Docente universitario, investigador del Conicet y traductor, Venturini escribió en Santa Fe a los 35 años su cuarto libro de poemas, En la colonia agrícola, que Iván Rosado publicó el año pasado con un abigarrado y vibrante arte de tapa por Diego de Adúriz. Encabezado por un citado epígrafe de Louis‑Ferdinand Céline ("A los veinte años ya sólo tenía pasado"), En la colonia agrícola forma una novela de iniciación junto con sus estampas o ensayos breves de la serie Resonancia magnética, que publica en el periódico digital Pausa.

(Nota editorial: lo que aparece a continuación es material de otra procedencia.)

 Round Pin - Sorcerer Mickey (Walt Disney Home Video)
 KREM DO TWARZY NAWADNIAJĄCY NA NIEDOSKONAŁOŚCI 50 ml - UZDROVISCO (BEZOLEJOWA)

"Algunos datos no se borran", escribe en uno de aquellos textos. "Todavía tengo en la cabeza el sonido de los gorriones frenéticos que me despertaban en la casa alpina donde crecí: es el ruido común de pájaros comunes, ya sé, pero es único, o eso me hace creer la grabación de mi mitología personal". La casa alpina integra esa mitología personal, grabada en la memoria (y en una foto en blanco y negro que se incluye al final del libro). Venturini llama "mitología" a todo lo que desborde el riguroso horizonte de una fenomenología.
La frase que da título al libro constituye una forma recurrente, tanto en los ensayos como en los poemas, de nombrar su localidad natal con un epíteto que le permite objetivarla y universalizarla. Esta asepsia integra un proyecto literario de distanciamiento: en poesía, el precursor local esperancino fue el regionalista épico José Pedroni.
En las antípodas, lejos de todo heroísmo, Venturini prefiere inscribirse en la tradición reciente del neo objetivismo de los años noventa, como un Fabián Casas de segunda generación, con su misma eficacia para la frase satírica conceptista que lo resume todo ("donde había un monte/ crece un living") pero en un universo cotidiano más extraño aún, íntimamente disuelto. Si el tedio juvenil urbano de Casas se salvaba de la dilapidación total gracias a la epifanía a lo Raymond Carver o a la gambeta ingeniosa final para el aplauso de los muchachos de la tribuna, en Venturini faltan aquellos arrebatos del yo, o del cosmos, ausencia que hace más desolado el tedio pueblerino que narra.
A la niñez y a la orfandad adolescente les hace de trasfondo la rutina adulta, presentada como un ejercicio constante del absurdo. Más que un gesto estético vanguardista de extrañamiento, aquí la extrañeza aparece como constitutiva de la experiencia misma, lo que la vuelve mucho más inquietante. Aun sin irse del tópico autobiográfico de su generación treintañera y grave, Venturini radicaliza el asombro.
"Los cueros de animales/ que habían protegido/ un sistema perfecto de órganos/ estaban colgados en los galpones/ como mapas de lugares raros", escribe sobre la curtiembre vecina a su vieja casa. El campo, según él, "esconde cosas". Santiago Venturini es también autor de El exceso, que obtuvo un premio en Madrid en 2008; de El espectador (Gog y Magog, 2012), y de Vida de un gemelo (Iván Rosado, 2014).